The Action Planning may include things such as changing in the way information is handled, how meetings are conducted, how strategic progress is monitored or how directors are selected and/or replaced.
Research indicates that the best boards set objectives for their own development based on evaluation, such as that described above AND re-evaluate themselves annually to assess progress. Without some sort of re-evaluation, the board cannot very effectively hold itself accountable for evolving itself to align with and support the corporate strategy.

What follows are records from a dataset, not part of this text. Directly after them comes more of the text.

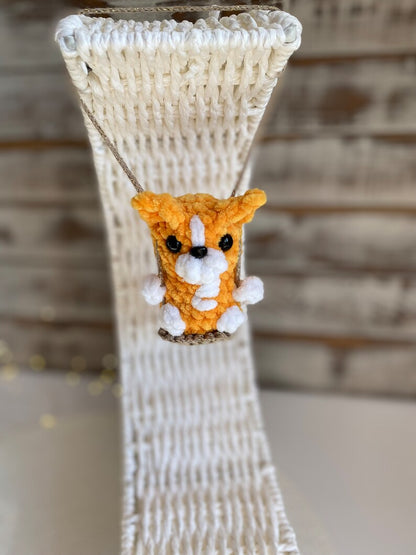Car charms rear view mirror, Crochet mirror hanger Dog pug shepherd corgi malinois husky beagle Jack Russel Terrier Chihuahua car accessory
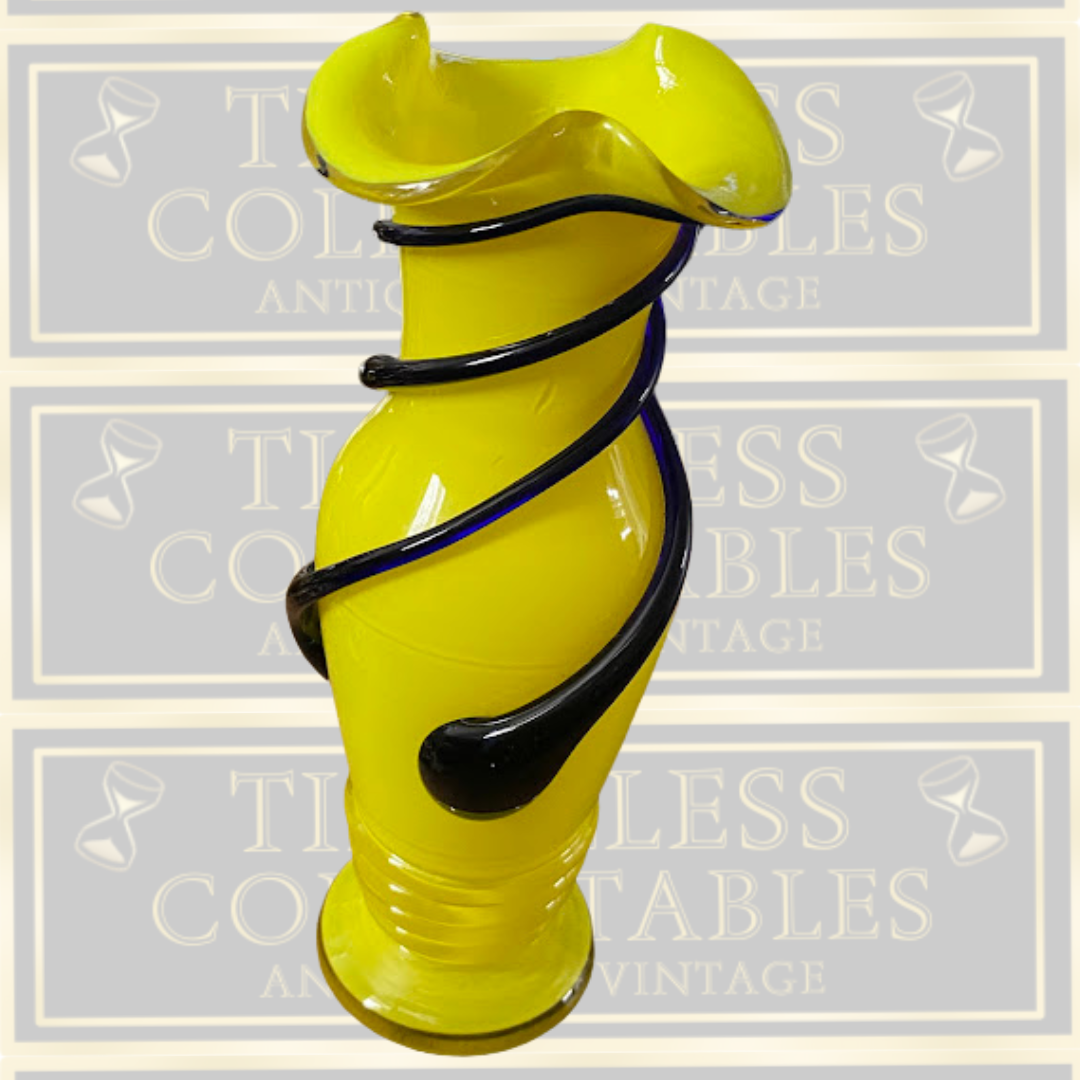 Vintage Czech Vibrant Yellow Tango Glass Vase
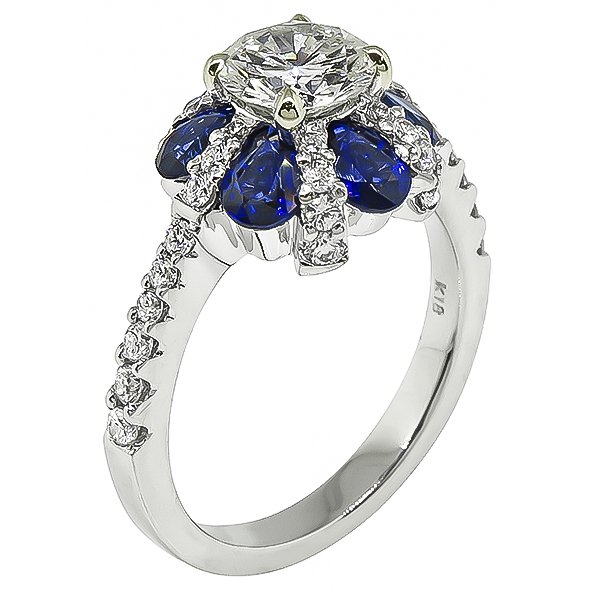 Estate 0.89ct Diamond 1.56ct Sapphire Engagement Ring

So What’s a CEO to Do? … Lead the Board
As a CEO, or progressive director, sees the need for the board to develop itself to effectively fulfill its role, the question becomes, “How do I get the board to determine that it needs to develop itself and what practices can be enhanced. A common paradigm among boards is the old, “If it ain’t broke, don’t fix it.” In today’s world, that kind of complacency is often catastrophic and increases director liability. The most progressive and capable directors expect healthy evaluation and are attracted to boards that employ such a practice on a regular basis.
The CEO, and/or progressive directors, owe it to the shareholders to challenge the board to be accountable for its own effectiveness. A key starting point is to establish a base line and a foundation for a developmental “roadmap.” The best course for shaping an effective roadmap is an effective evaluation, feedback and action planning process.
A key question for a CEO or strong director who sees a need to develop the board is how to get the board to commit to this course and follow through on it. A key starting point is forming an alliance between strong directors and the CEO to lay a course for doing this. A board evaluation can often be an important “next step” for boards that have already formed a governance committee. The executive committee may also play this role. The essential point is that the process needsleadership, not merely a mild proposal to a board, especially a weak or marginal board. The case needs to be made for board development and evaluation rather than taking a tentative stance of “What do you think guys?”
One option is to feed your strongest, most progressive directors with the information about what other good boards are doing, e.g. using some of the information we have cited in this series of articles. The executive or governance committee of your board is a likely candidate for reviewing this information. They also need to understand what will be involved in the evaluation process, help shape it and be prepared to stand behind it when the more cynical, intransigent or threatened directors start to resist it.
Assuming that almost all, if not all, directors see ways the board could be more effective in its role, each would like to be able to influence the board to make those improvements. An evaluation can be positioned as a way for all directors to express their views anonymously regarding the improvements they believe would help the board.
Where apathy or resistance is anticipated to the idea of doing an evaluation, it is often helpful to focus on development instead. To do this, the suggestion of having an off-site board retreat where board development is the key topic is helpful. Let them know it will include information about the “best practices” of other boards. You can then indicate that a helpful step in preparing for the retreat to help make it most relevant is to send out a questionnaire in advance for them express their views about the board as they see it. The focus on development, rather than assessment, generally feels less threatening and there is curiosity about what other boards do.